The film humanizes aging in an unprecedented way. It flies in the face of our culture's rampant ageism...and lets viewers genuinely experience the truth that love and companionship transcend age.
— Kavan Peterson, ChangingAging.org
Rarely, in our youth-obsessed culture, do we see elders portrayed as emotionally intricate individuals.
By exploring these typically overlooked, yet still-passionate voices – as they expose time-tested, still-hopeful hearts – The Age of Love dispels ageist stereotypes, reveals how our core emotional needs endure and presents an unexpected story of possibility and growth in later life.

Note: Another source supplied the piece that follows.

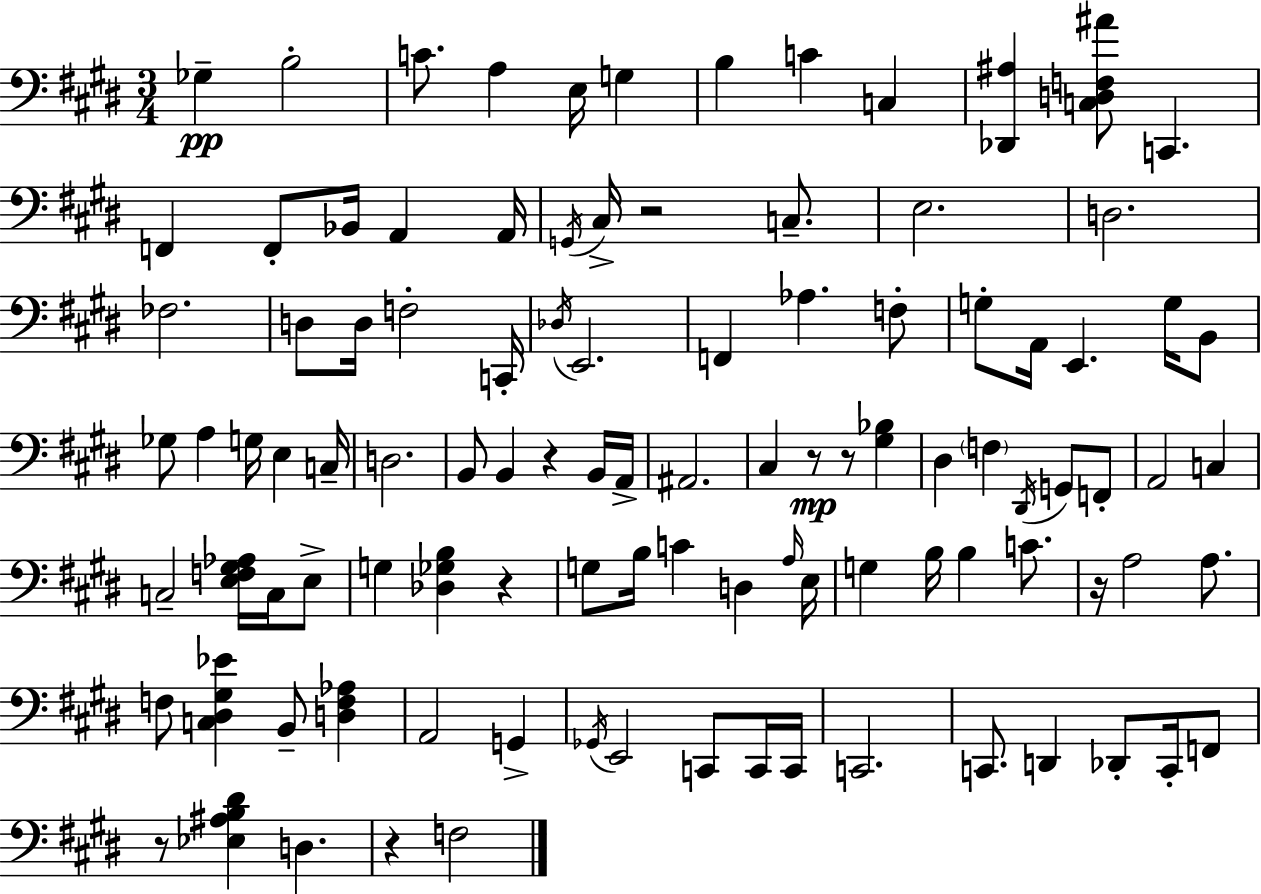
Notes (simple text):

Gb3/q B3/h C4/e. A3/q E3/s G3/q B3/q C4/q C3/q [Db2,A#3]/q [C3,D3,F3,A#4]/e C2/q. F2/q F2/e Bb2/s A2/q A2/s G2/s C#3/s R/h C3/e. E3/h. D3/h. FES3/h. D3/e D3/s F3/h C2/s Db3/s E2/h. F2/q Ab3/q. F3/e G3/e A2/s E2/q. G3/s B2/e Gb3/e A3/q G3/s E3/q C3/s D3/h. B2/e B2/q R/q B2/s A2/s A#2/h. C#3/q R/e R/e [G#3,Bb3]/q D#3/q F3/q D#2/s G2/e F2/e A2/h C3/q C3/h [E3,F3,G#3,Ab3]/s C3/s E3/e G3/q [Db3,Gb3,B3]/q R/q G3/e B3/s C4/q D3/q A3/s E3/s G3/q B3/s B3/q C4/e. R/s A3/h A3/e. F3/e [C3,D#3,G#3,Eb4]/q B2/e [D3,F3,Ab3]/q A2/h G2/q Gb2/s E2/h C2/e C2/s C2/s C2/h. C2/e. D2/q Db2/e C2/s F2/e R/e [Eb3,A#3,B3,D#4]/q D3/q. R/q F3/h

The film offers educators in Gerontology, Social Work, Psychology, Nursing, Family Therapy, Sociology, Health Care Admin and more an innovative tool that brings the intimate attitudes and behaviors of our aging population to life.
By screening The Age of Love you can:
The Age of Love comes with a downloadable, 35-page Discussion and Screening Guide. Also available, for classrooms interested in joining with community partners to organize a dating event and make a real difference in local seniors' lives, is our complete Senior Speed Dating Kit. And take a look at the six Educator Guides below to see how other professors have already begun to utilize the film in their classrooms.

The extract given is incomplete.